# Brief:
Keep the images out while you set down the data exactly.

*** Opening of Information shown ***

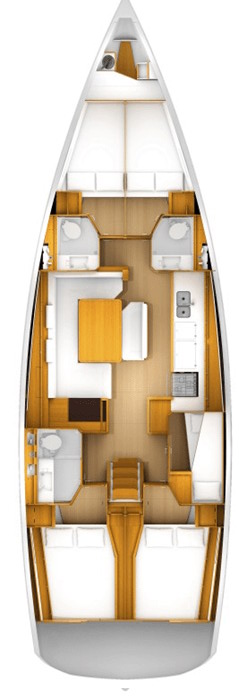 Rzut jachtu Sun Odyssey 519 Ataraxia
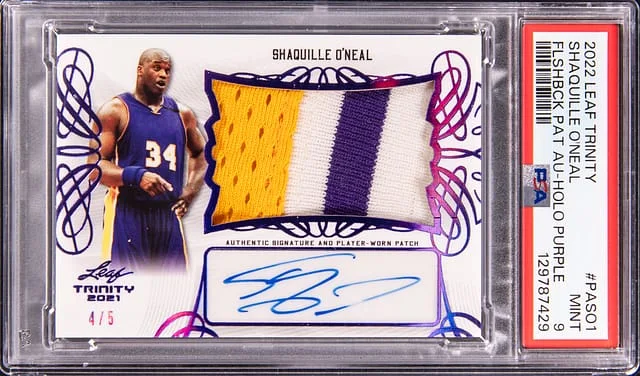 2022-23 Leaf Trinity Shaquille O'neal Patch Autograph Silver Foil #PA-SO1 card image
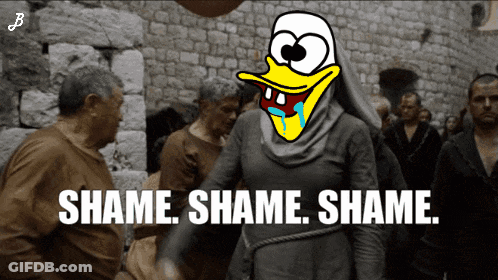 Duck Saying Shame Shame Shame GIF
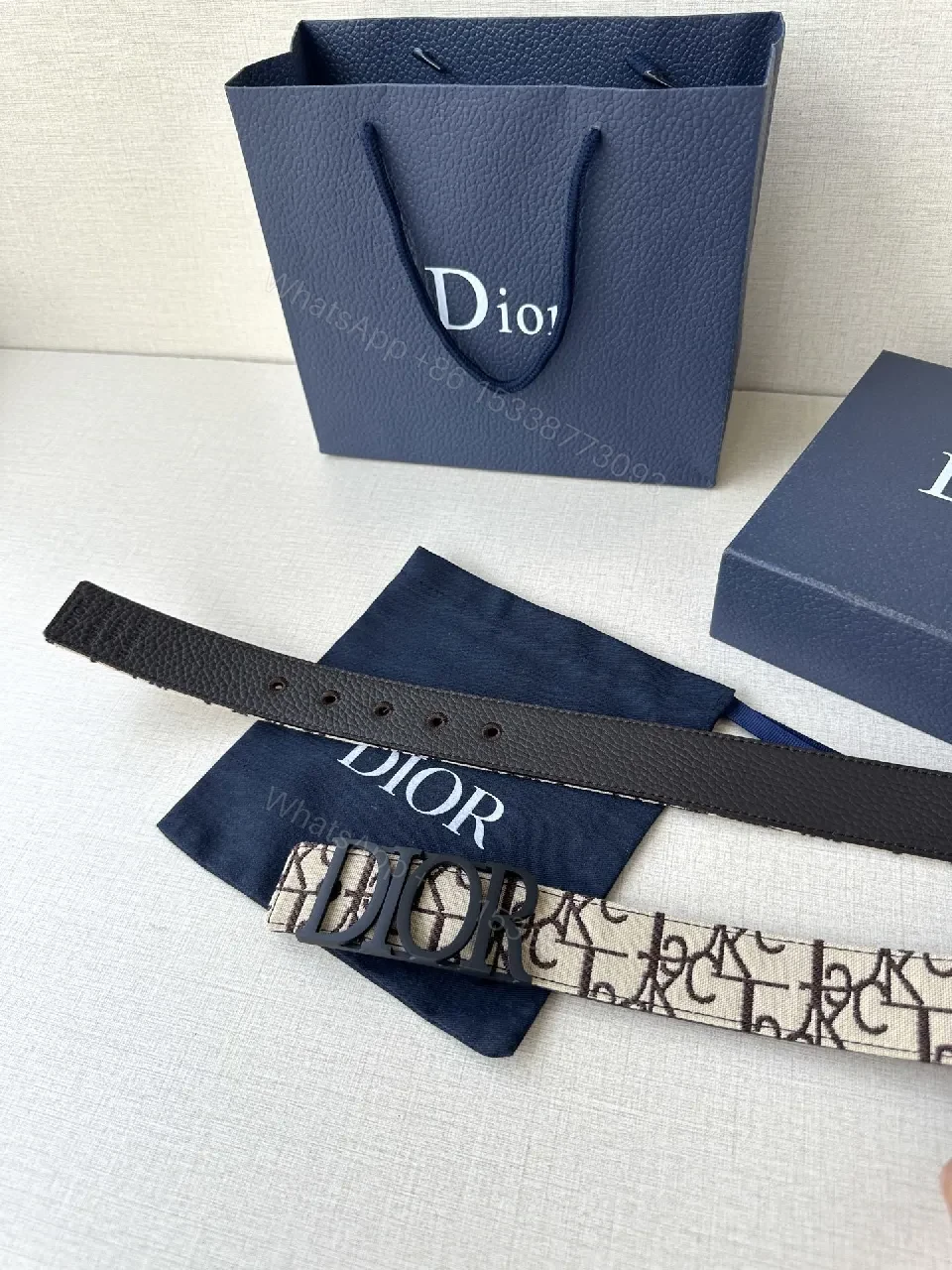 View 5 of Beige Monogram Belt with Luxe Signature Print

*** Close of Information shown ***

# Written reply:
 Rzut jachtu Sun Odyssey 519 Ataraxia
 2022-23 Leaf Trinity Shaquille O'neal Patch Autograph Silver Foil #PA-SO1 card image
 Duck Saying Shame Shame Shame GIF
 View 5 of Beige Monogram Belt with Luxe Signature Print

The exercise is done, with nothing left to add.